Life is messy. We're part of a huge morass of energetic goo that replicates and plays and consumes and replicates and plays and consumes some more. Life involves fluids and combustion and not just a little bit of mystery.

Monday, November 3, 2008

Time to roll up the sidewalks

I forgot to mention this last week.

We live in a town where they roll up the sidewalks. Literally.

Not the concrete ones, of course. The gray plastic slats that lead to the Delaware Bay from Beach Avenue are put away each winter.

Winter's coming. The dolphins are headed south. The sidewalks are tucked away.

I love summer in Cape May. I might like winter even more.

Sunday, November 2, 2008

Another day in paradise

Last night we watched the sun settle into the Delaware Bay from the deck of Harpoon Henry's. Back in June, we had to look to the right--now the sun sets to the left (perhaps foretelling this week's election).

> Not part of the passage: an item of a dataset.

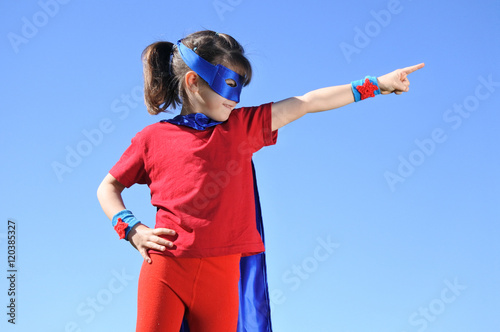 Obraz na płótnie Superhero girl points towards dramatic blue sky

Mr. Henry looked quite dapper, and quite happy. Our summer ends. His summer begins.
***

The very local fishing report

The lingcod (red spotted hake) are still running by the ferry jetty. A few fisherman came by and tossed chunks of herring at the muddy water, trying to coax a striper, using bait not much smaller than the lingcod I caught, but left without a hit.

I landed a half-dozen lingcod using clam.

We did see some nice stripers brought in for the 8th Annual South Jersey Big Bass Open while kayaking by the marina. The weights were announced via a booming speaker system, and the South Jersey marina was draped with banners of all sorts.

I guess if you pay $300 to enter a contest, you want some fanfare.

Seems a shame folks need more than one fish if one weighs over 45#, but a $10,000 top prize can take the sport out of sportfishing. We did see one boat toss a live (we hope) striper back in the water after weighing.
***

The very local mucking report

At the end of the very short Harbor Lane (just off Texas Avenue as you hit the island) is a great mucking spot. Park in Harbor Cove, then jump off the bulkhead. Be wary of glass, and don't climb down if you don't think you can get back up.

Yesterday's prize find?
The Cheeseburger in Paradise, a sailboat hailing from Beaufort, North Carolina, was stuck in the mud, waiting for the next high tide.